The council also decried its inability to monitor and investigate human rights violations across the country owing to interference from government agencies.

The killings were perpetrated by armed forces and most of the victims were buried in mass graves, reveals the statement.

The council calls on the federal, Oromia, and Southern administrations to ensure justice for the killings, which it says are the cause of social, psychological, and economic crises.

“It has become a culture that security forces in Oromia commit human rights violations and go unchecked. The impunity must end, and perpetrators must be held accountable,” reads the statement. “The federal and Oromia administrations must give due attention and work with residents in the region.”

Another statement issued on December 7 detailed that ‘EHRC has been unable to conduct its work due to the myriad of challenges being imposed by government bodies.’

The ministries of Peace and Defense, as well as the Tigray Interim Administration, have all failed to respond to requests for cooperation and support, according to the council. The statement reveals the council is unable to assess and investigate human rights violations committed during the northern war, as well as conflicts elsewhere.

The Addis Ababa Police Commission, for instance, refused to allow the council to visit detention centers and penitentiaries under the City Administration. The Commission reportedly refused to accept a letter from the council requesting a visit.
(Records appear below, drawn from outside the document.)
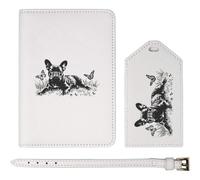 Azeeda 'French Bulldog with Butterflies' Passport Cover & Luggage Tag Travel Set (PA00033960)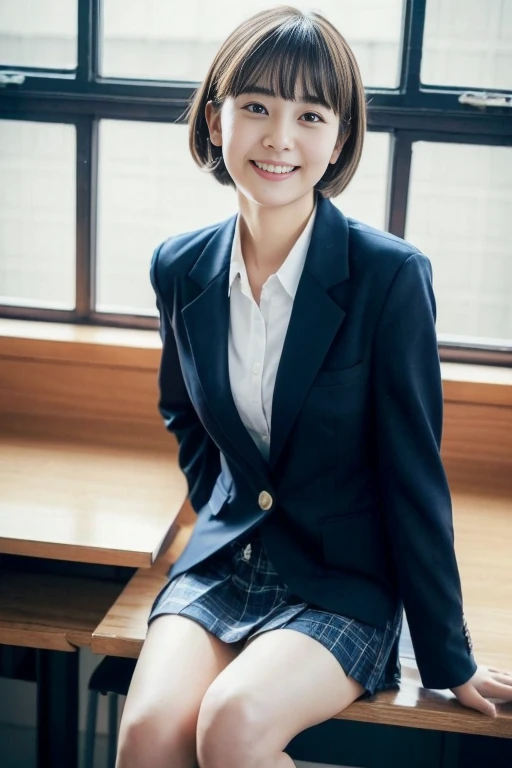 Korean School Uniform,Summer Uniform Shirts,Ribbon Ties,skirt by the,school classrooms,School stairs,Chest thrusting pose,8K raw photos,hight resolution,17-year-old Korean,very large round breasts,,beautiful eyes in detail,long eyelasher,beautiful double eyelid,eyeshadows,eye line,elongated eyes,elongated eye shape,Sanpaku eyes,evil smile,Evil expressions,beautiful and very thin legs, beautiful and very thin thighs,Random short hair,Hair tied at the back of the head,耳Nipple Ring,Bright blonde hair,Have sex with men,Conducting mating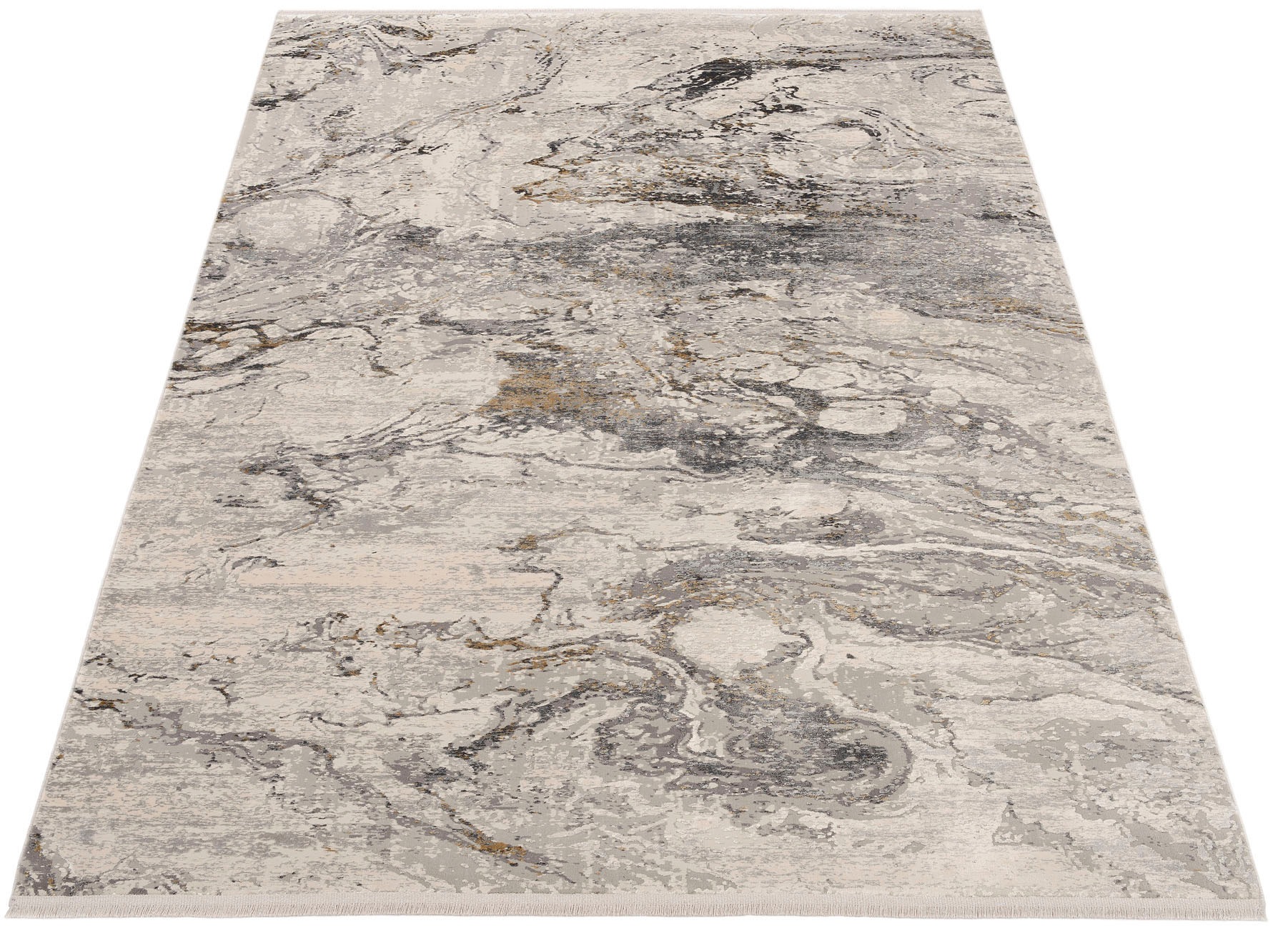Läufer OCI DIE TEPPICHMARKE "BESTSELLER YOU", grau (goldfarben, grau), B:80cm H:8mm L:200cm, Viskose, Teppiche, Läufer, Glanz Viskose, mit Fransen, Hoch Tief Struktur, Vintage, Wohnzimmer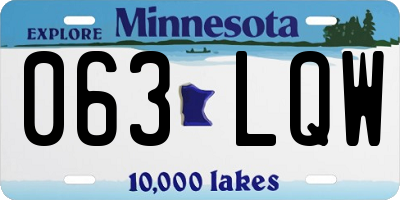MN license plate 063LQW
The Federal Police Commission did the same, as did the Oromia Detention Centers Commission and the Oromia Police Commission, according to the statement.

EHRC’s requests for permission to monitor and investigate rights violations committed against journalists detained in informal prisons in Awash Arba, members of opposition parties, and other political figures under police custody have also been denied.

The council says, meanwhile, it is garnering information of an ‘escalation of human rights violations in informal detention centers’.

The council urged the federal government to move all detainees held in informal prisons including Awash Arba to formal prisons or police stations.